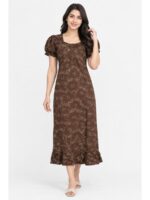 Women's Cotton Zip Frock Nighty -Brown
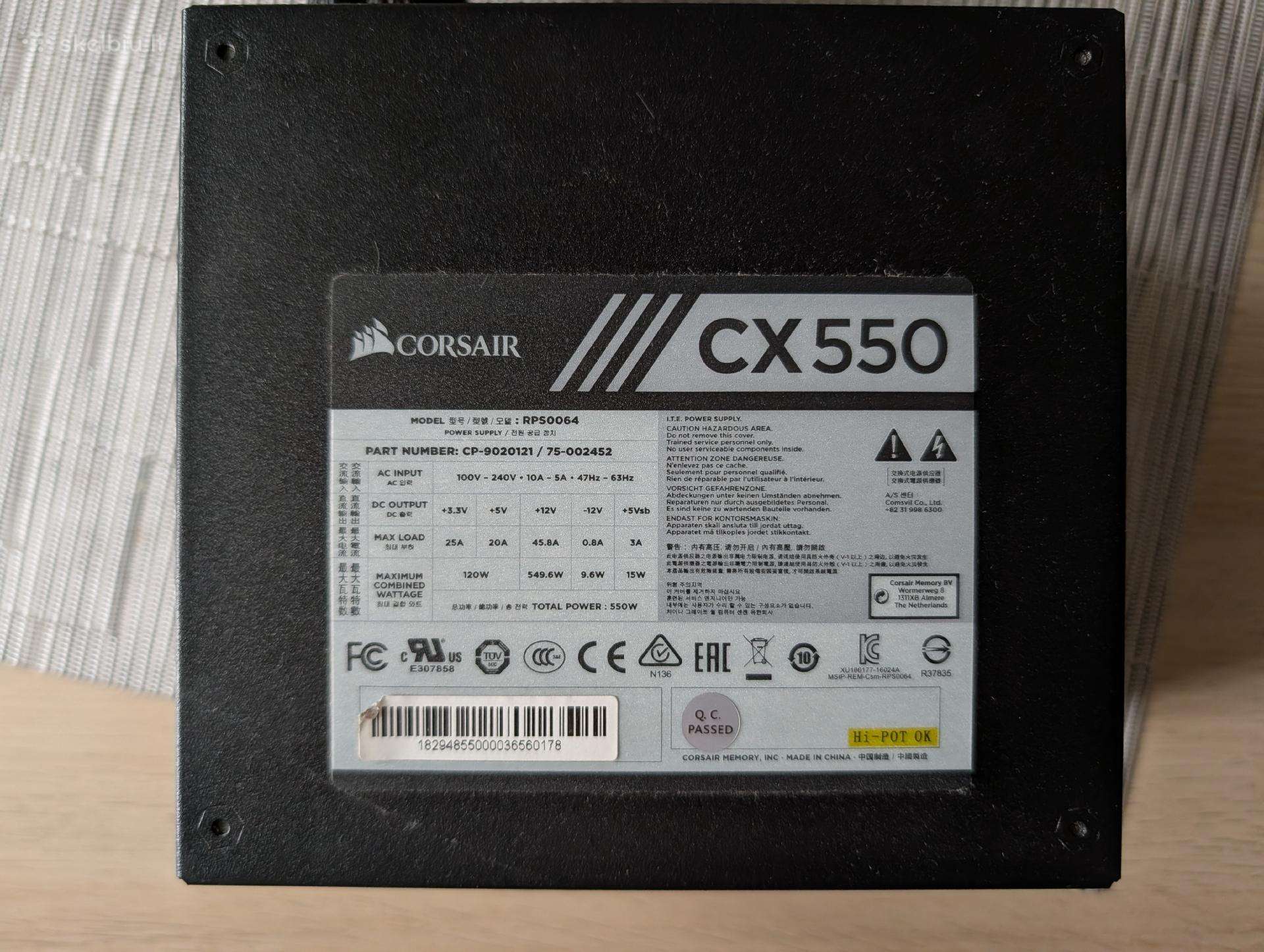 Maitblokis Corsair Cx550
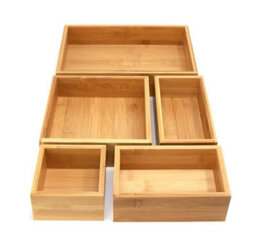 Magna Retail Bamboo Drawer Organiser Set Of 5 Stationary Desk Organiser Drawers Wooden Box Storage Trays Assorted Sizes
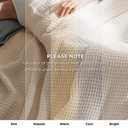 Bedsure Gentlesoft 100% Cotton Blanket Twin XL Size for College Dorm - Cooling Breathable and Soft for Summer, Waffle Weave Twin Blanket for Bed, Dorm Room Essentials, Light Beige, 66x90 inches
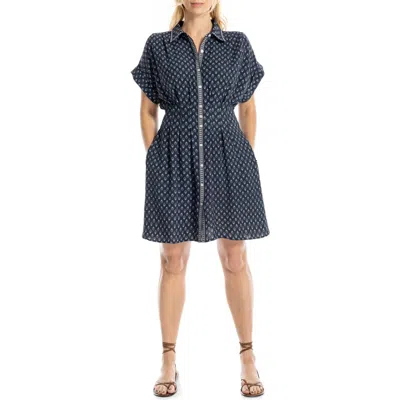 Max Studio Printed Short Sleeve Shirtdress In Multi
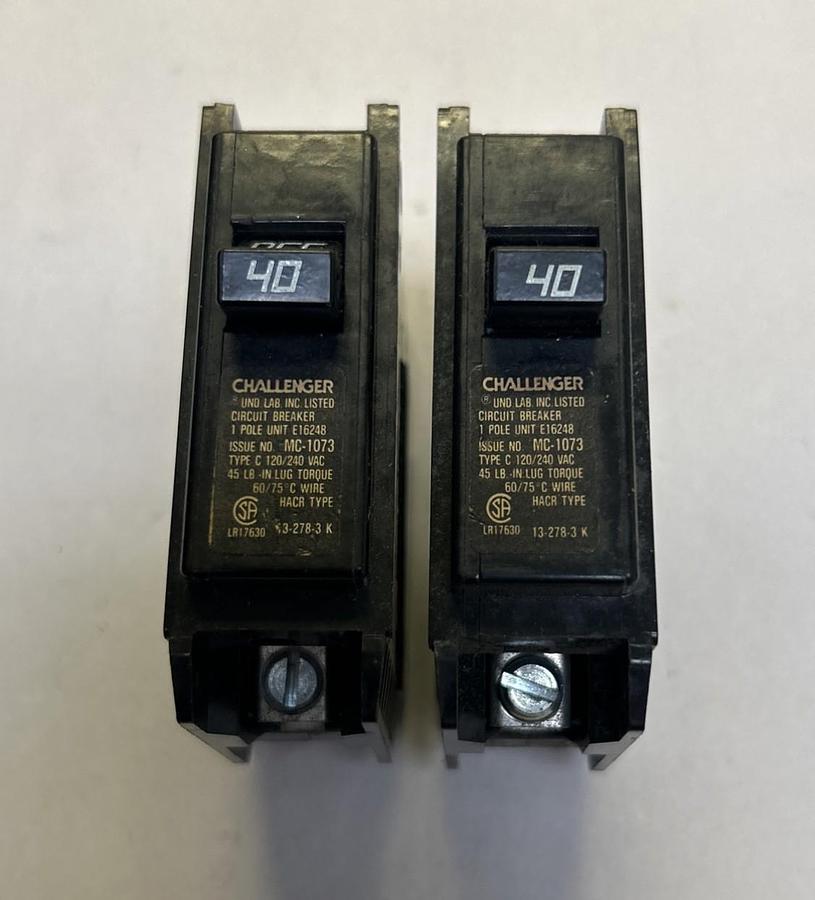 Used CHALLENGER,C140,CIRCUIT BREAKER 40A 120/240V 1P LOT OF 2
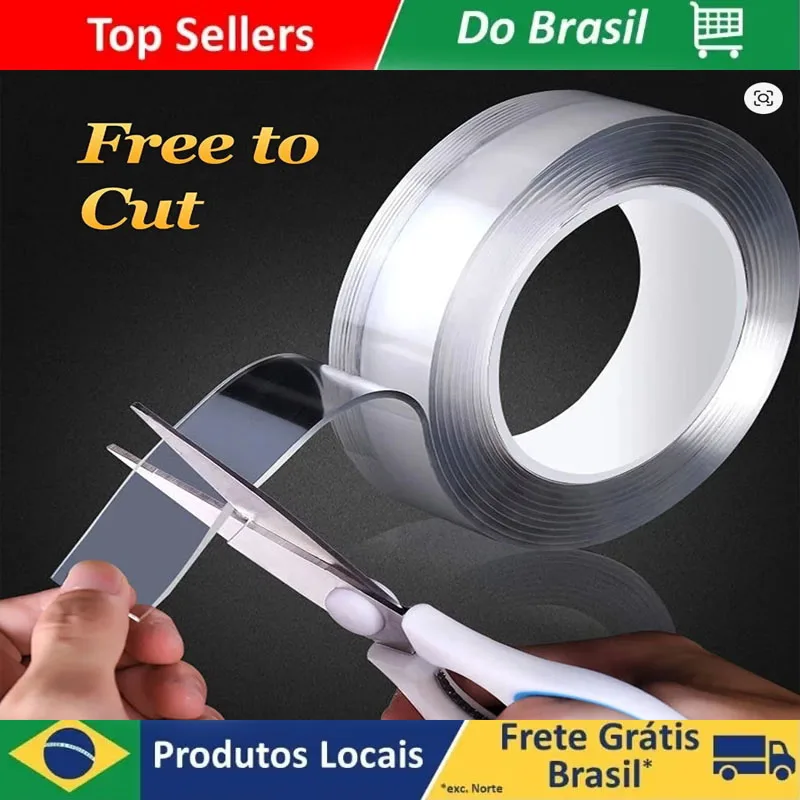 Fita nano de 5m, fita dupla face sem rastros, transparente, sem vestígios, reutilizável, à prova d'água, fita adesiva lavável para casa, gekkotape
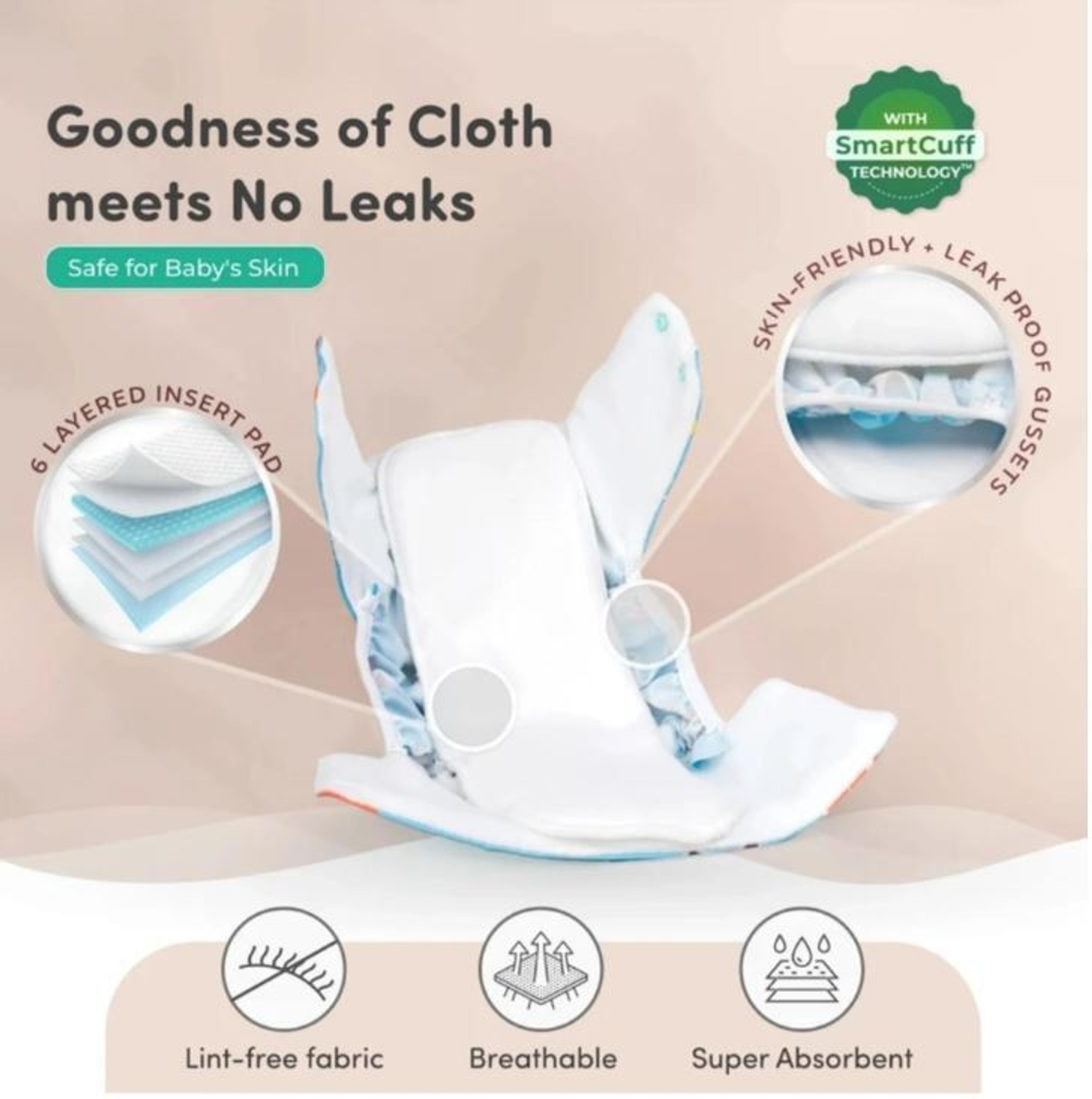 Image of chhotu care Reusable Baby Cotton Cloth Diapers - Adjustable & Washable For 0-3 years Baby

### GOAL OF THE EXERCISE
Word for word, repeat the lines above from the one with "Bedsure Gentlesoft 100%" through the one with "Max Studio Printed", and nothing beyond them. Omit the pictures.

### ANSWER FOR THIS EXERCISE
 Bedsure Gentlesoft 100% Cotton Blanket Twin XL Size for College Dorm - Cooling Breathable and Soft for Summer, Waffle Weave Twin Blanket for Bed, Dorm Room Essentials, Light Beige, 66x90 inches
 Max Studio Printed Short Sleeve Shirtdress In Multi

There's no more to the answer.